High performance table structure for really small tables (<10 items usually) where once the table is created it doesn't change?

I am searching for a high performance C++ structure for a table. The table will have void* as keys and uint32 as values.
The table itself is very small and will not change after creation. The first idea that came to my mind is using something like ska::flat_hash_map<void*, int32_t> or std::unordered_map<void*, int32_t>. However that will be overkill and will not provide me the performance I want (those tables are suited for high number of items too).
So I thought about using std::vector<std::pair<void*, int32_t>>, sorting it upon creation and linear probing it. The next ideas will be using SIMD instructions but it is possible with the current structure.
Another solution which I will shortly evaluate is like that:
struct Group
{
void* items[5]; // search using SIMD
int32_t items[5];
}; // fits in cache line
struct Table
{
Group* groups;
size_t capacity;
};
Are there any better options? I need only 1 operation: finding values by keys, not modifying them, not anything. Thanks!
EDIT: another thing I think I should mention are the access patterns: suppose I have an array of those hash tables, each time I will look up from a random one in the array.
Linear probing is likely the fastest solution in this case on common mainstream architectures, especially since the number of element is very small and bounded (ie. <10).
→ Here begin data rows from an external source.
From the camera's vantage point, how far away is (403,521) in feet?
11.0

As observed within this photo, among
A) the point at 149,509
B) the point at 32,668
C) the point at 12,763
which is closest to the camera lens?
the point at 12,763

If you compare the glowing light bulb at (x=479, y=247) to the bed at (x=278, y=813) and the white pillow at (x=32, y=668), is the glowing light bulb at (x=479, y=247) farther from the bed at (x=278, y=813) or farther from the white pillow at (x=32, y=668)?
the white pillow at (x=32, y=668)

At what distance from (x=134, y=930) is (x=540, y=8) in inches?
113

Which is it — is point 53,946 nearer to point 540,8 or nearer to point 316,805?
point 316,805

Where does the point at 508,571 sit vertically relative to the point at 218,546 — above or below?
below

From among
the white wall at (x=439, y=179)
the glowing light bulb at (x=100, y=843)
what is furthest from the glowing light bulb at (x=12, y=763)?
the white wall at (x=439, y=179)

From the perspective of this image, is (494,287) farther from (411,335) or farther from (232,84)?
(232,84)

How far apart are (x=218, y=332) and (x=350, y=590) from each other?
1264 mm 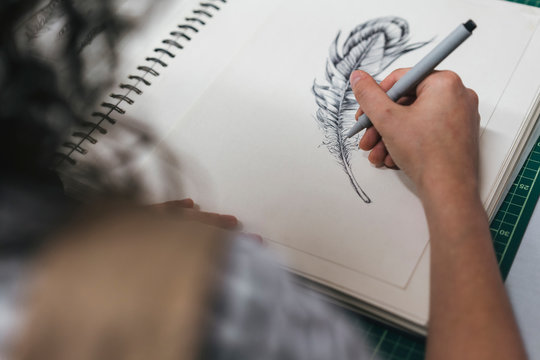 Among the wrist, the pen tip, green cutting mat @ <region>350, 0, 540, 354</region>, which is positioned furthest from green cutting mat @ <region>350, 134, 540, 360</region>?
the pen tip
Sorting the items should not speed up the probing with so few items (it would be only useful for a binary search which is much more expensive in this case).
If you want to use SIMD instruction, then you need to use structure of arrays instead of array of structures for the sake of performance. This means you should use std::pair<std::vector<void*>, std::vector<int32_t>> instead of std::vector<std::pair<void*, int32_t>> (which alternates void* types and int32_t values in memory with some padding overhead due to the alignment constraints of void* on 64-bit architectures). Having two std::vector is not great too because you pay its overhead twice. As mentioned by #JorgeBellon
in the comments, you can simply use a std::array instead of std::vector assuming the number of items is known or bounded.
A possible optimization with SIMD instructions is to compact the key pointers on 64-bit architectures by splitting them in 32-bit lower/upper part. Indeed, it is very unlikely that two pointers have the same lower part (least significant bits) while having a different upper part. This tricks help you to check 2 times more pointers at a time.
Note that using SIMD instructions may not be so great in this case in practice. This is especially true if the number of items is smaller than the one fitting in a SIMD vector. For example, with AVX2 (on 86-64 processors), you can work on 4 64-bit values at a time (or 8 32-bit values) but if you have less than 8 values, then you need to mask the unwanted values to check (or even not load them if the memory buffer do not contain some padding). This introduces an additional overhead. This is not much a problem with AVX-512 and SVE (only available on a small fraction of processors yet) since they provides advanced masking operations. Moreover, some processors lower they frequency when they execute SIMD instructions (especially with AVX-512 although the down-clocking is not so strong with integer instructions). SIMD instructions also introduce some additional latency compared to scalar version (which can be better pipelined) and modern processors tends to be able to execute more scalar instructions in parallel than SIMD ones. For all these reasons, it is certainly a good idea to try to write a scalar branchless implementation (possibly unrolled for better performance if the number of items is known at compile time).
You may want to look into perfect hashing -- not too difficult, and can provide simple constant time lookups. It can take technically unbounded time to create the table, though, and it's not as fast as a regular hash table when the regular hash table gets lucky.
I think a nice alternative is an optimization of your simple linear probing idea.
Your lookup procedure would look like this:
Slot *s = &table[hash(key)];
Slot *e = s + s->max_extent;
for (;s<e; ++s) {
if (s->key == key) {
return s->value;
}
}
return NOT_FOUND;
table[h].max_extent is the maximum number of elements you may have to look at if you're looking for an element with hash code h. You would pre-calculate this when you generate the table, so your lookup doesn't have to iterate until it gets a null. This greatly reduces the amount of probing you have to do for misses.
Of course you want max_extent to be as small as possible. Pick a hash result size (at least 2n) to make it <= 1 in most cases, and try a few different hash functions before picking the one that produces the best results by whatever metric you like. You hash can be as simple as key % P, where trying different hashes means trying different P values. Fill your hash table in hash(key) order to produce the best result.
NOTE that we do not wrap around from the end to the start of the table while probing. Just allocate however many extra slots you need to avoid it.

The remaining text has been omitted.